Exercise requirements » Copy out each line of the listing below in which the string "Shirt" occurs.

━━━━

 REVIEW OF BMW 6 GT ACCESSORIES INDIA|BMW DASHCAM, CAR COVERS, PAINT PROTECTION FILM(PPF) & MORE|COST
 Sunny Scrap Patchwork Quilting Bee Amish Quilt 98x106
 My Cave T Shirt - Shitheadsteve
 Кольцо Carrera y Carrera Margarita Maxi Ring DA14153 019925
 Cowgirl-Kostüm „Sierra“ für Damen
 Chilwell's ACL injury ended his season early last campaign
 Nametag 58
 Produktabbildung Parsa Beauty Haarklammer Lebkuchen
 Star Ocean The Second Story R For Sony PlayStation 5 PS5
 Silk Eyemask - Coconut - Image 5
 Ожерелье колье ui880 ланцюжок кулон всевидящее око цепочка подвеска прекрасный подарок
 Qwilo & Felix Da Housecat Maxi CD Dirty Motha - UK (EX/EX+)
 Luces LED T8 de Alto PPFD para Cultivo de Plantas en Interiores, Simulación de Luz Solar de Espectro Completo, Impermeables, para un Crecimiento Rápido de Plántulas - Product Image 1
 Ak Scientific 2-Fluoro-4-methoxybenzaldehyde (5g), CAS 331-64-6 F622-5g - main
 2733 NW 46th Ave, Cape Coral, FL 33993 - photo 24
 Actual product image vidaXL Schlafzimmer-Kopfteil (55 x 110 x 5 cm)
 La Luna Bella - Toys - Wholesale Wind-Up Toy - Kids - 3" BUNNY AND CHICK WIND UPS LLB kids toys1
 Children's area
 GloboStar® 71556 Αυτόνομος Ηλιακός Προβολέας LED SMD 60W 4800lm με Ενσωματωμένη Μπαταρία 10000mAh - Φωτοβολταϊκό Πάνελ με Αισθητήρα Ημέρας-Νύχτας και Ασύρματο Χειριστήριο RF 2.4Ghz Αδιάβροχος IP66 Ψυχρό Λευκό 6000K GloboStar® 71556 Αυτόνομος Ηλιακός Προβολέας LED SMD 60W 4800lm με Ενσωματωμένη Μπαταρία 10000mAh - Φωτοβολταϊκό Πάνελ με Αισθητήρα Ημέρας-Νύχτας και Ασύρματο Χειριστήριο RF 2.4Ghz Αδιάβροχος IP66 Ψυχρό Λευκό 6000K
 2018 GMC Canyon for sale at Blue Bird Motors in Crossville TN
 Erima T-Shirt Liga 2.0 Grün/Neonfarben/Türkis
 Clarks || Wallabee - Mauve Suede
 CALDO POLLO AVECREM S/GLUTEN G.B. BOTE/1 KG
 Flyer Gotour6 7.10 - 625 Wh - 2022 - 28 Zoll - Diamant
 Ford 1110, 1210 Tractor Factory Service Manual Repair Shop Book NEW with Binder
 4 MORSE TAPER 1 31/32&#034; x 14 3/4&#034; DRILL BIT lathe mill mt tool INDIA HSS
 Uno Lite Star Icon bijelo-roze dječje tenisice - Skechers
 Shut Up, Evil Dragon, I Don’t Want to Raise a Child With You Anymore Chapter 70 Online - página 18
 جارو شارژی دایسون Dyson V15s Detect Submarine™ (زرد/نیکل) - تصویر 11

━━━━

Solved exercise »
 My Cave T Shirt - Shitheadsteve
 Erima T-Shirt Liga 2.0 Grün/Neonfarben/Türkis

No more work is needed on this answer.